- [Your task]: Across the entries below, count the lines in which the word "background" occurs. Reply with the count alone.

Brief descriptive captions
== Segment start ==
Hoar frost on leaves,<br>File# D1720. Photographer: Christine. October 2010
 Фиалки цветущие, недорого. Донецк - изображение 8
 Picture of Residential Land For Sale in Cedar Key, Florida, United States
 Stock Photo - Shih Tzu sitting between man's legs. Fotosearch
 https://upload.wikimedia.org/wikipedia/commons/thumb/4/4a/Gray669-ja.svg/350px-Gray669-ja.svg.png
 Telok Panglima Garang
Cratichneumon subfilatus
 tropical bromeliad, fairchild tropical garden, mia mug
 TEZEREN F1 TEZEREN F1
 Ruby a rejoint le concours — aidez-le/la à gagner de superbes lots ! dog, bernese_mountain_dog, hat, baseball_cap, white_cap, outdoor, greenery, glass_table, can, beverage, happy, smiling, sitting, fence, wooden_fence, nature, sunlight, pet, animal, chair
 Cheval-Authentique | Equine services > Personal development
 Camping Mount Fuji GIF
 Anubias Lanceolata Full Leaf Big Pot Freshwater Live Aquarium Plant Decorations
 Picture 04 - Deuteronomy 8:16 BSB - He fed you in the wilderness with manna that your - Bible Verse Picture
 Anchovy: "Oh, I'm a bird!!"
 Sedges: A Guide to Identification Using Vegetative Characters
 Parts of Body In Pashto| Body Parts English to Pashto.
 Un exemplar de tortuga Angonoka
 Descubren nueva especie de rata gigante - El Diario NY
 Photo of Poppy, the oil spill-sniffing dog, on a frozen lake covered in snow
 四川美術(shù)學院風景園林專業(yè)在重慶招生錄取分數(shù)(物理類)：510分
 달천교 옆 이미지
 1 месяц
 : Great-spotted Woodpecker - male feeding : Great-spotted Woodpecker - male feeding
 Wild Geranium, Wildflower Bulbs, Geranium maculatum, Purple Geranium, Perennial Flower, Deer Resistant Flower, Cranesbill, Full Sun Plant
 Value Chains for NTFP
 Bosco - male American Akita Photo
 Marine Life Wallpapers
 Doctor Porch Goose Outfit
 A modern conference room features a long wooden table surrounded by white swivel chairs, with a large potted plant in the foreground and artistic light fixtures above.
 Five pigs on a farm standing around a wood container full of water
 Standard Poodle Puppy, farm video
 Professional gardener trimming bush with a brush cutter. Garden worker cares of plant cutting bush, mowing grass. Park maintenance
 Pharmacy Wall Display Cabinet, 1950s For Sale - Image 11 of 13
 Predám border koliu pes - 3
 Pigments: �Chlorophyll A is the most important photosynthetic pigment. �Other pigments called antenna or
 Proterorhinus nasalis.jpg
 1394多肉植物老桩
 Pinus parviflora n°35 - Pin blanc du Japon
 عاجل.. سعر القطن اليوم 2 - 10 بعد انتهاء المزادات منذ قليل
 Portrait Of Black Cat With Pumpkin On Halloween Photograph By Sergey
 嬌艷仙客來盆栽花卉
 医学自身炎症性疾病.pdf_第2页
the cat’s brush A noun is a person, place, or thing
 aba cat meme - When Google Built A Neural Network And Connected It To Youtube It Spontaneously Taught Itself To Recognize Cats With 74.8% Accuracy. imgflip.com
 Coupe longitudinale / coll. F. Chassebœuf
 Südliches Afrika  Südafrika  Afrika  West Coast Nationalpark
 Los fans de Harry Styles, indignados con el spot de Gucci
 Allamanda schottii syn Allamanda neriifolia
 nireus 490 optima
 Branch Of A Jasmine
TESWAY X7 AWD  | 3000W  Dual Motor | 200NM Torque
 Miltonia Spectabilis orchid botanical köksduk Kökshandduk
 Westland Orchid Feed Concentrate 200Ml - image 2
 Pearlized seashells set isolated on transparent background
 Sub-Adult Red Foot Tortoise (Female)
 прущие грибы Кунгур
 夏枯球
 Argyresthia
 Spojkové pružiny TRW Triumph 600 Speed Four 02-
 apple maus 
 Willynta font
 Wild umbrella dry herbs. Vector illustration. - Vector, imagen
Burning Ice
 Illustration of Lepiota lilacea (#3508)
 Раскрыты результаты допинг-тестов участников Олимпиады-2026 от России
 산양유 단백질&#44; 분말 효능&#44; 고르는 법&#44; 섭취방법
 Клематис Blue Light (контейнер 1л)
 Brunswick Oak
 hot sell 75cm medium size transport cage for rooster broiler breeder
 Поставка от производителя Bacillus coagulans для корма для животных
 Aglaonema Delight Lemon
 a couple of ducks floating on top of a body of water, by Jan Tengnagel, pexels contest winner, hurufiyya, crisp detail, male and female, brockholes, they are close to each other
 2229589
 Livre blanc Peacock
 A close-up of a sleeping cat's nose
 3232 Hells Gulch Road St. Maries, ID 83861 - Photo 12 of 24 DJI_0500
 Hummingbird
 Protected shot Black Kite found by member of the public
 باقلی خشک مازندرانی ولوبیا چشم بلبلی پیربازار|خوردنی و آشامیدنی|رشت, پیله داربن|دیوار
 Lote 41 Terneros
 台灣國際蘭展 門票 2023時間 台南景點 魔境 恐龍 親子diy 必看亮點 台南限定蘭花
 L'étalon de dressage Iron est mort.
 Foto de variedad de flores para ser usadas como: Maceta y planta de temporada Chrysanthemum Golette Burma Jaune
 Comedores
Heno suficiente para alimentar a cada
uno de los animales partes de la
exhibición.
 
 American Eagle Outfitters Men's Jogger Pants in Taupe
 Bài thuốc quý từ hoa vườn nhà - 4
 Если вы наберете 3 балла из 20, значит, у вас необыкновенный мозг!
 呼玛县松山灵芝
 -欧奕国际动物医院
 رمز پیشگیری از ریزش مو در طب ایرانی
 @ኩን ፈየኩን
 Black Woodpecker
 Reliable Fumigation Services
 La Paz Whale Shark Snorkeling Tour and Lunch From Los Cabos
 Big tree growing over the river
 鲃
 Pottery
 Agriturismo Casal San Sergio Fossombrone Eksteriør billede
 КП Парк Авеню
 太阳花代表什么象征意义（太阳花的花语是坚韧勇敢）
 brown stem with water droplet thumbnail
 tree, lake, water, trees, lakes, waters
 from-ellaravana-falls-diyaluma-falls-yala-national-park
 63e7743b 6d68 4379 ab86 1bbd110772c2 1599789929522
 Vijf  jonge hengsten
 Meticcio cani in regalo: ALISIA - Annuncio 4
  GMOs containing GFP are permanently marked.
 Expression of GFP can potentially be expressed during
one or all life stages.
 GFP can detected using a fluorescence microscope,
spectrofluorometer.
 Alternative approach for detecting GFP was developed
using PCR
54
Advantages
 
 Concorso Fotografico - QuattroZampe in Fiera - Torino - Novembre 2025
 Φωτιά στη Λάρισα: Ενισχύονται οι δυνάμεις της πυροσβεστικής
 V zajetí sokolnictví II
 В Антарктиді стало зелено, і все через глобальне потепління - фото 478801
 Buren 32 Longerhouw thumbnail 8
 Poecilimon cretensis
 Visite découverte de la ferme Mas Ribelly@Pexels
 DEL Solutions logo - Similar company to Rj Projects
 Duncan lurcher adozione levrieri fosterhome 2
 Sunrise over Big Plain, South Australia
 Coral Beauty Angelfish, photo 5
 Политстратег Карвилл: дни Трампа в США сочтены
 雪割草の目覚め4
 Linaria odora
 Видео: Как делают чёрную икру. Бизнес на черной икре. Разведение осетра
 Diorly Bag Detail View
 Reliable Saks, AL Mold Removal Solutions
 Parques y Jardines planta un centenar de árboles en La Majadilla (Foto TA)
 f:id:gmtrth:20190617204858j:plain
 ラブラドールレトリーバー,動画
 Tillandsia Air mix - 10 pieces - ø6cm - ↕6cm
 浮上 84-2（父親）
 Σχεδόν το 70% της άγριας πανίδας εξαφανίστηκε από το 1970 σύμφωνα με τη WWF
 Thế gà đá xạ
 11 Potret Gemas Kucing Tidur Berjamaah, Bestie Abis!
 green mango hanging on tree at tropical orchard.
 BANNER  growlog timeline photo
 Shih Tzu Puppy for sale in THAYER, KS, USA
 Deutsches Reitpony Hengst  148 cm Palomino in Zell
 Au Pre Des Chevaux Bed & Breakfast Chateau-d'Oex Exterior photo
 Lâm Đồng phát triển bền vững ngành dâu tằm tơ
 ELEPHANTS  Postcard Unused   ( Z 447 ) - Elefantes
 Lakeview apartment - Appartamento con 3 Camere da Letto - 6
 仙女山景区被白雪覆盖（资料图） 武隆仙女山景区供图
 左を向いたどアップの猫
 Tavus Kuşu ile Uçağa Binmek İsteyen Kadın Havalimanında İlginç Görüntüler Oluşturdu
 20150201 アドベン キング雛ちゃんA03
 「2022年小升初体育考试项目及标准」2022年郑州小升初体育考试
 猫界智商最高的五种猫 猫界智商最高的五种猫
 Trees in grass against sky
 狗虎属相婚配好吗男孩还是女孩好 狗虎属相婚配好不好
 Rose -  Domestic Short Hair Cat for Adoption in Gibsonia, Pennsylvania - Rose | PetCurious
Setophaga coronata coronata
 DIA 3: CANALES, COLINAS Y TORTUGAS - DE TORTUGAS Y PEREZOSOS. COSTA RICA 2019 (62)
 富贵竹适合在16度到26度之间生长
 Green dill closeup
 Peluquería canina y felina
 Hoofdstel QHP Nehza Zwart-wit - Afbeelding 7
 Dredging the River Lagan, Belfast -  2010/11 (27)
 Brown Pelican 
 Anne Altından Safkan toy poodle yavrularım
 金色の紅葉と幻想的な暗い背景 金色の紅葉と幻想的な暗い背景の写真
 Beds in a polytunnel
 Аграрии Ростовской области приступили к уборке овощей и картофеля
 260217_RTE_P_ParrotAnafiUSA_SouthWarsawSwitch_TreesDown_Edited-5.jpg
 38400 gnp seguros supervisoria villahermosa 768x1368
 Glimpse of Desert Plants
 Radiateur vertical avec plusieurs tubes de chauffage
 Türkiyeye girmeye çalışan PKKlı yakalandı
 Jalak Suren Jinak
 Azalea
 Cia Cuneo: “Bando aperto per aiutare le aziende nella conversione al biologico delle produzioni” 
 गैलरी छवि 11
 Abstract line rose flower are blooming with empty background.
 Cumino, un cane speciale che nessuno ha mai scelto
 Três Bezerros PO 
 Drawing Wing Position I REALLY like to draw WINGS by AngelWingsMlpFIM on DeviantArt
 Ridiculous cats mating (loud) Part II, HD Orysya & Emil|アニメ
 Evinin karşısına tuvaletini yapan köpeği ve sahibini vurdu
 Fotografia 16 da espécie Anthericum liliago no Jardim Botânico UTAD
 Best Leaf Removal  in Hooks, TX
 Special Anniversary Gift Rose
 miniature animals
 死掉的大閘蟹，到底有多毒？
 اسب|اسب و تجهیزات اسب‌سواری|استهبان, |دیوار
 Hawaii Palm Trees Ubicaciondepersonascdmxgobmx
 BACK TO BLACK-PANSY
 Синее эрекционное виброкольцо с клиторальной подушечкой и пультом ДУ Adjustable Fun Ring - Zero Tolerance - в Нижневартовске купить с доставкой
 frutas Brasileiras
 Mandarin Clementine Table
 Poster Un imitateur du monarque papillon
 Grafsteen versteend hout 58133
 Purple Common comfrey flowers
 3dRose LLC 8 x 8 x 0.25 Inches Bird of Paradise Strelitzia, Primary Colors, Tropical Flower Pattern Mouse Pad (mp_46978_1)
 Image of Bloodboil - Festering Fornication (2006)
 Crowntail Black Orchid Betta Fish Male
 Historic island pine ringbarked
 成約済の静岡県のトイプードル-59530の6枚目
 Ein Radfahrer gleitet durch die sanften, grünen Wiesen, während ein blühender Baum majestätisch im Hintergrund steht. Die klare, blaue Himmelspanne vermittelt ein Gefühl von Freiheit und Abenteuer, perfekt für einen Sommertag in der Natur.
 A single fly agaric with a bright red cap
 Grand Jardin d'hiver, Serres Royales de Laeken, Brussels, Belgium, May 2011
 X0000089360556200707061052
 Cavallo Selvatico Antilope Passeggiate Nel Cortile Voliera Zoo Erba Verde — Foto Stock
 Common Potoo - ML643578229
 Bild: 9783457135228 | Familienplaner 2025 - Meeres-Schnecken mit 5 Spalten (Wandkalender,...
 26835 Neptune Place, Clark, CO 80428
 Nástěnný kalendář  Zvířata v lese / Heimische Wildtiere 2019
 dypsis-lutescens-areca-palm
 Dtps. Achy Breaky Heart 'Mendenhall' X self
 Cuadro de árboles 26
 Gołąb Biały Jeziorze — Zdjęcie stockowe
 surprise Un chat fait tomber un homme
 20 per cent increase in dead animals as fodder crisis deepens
== Segment end ==
- [Task result]: 2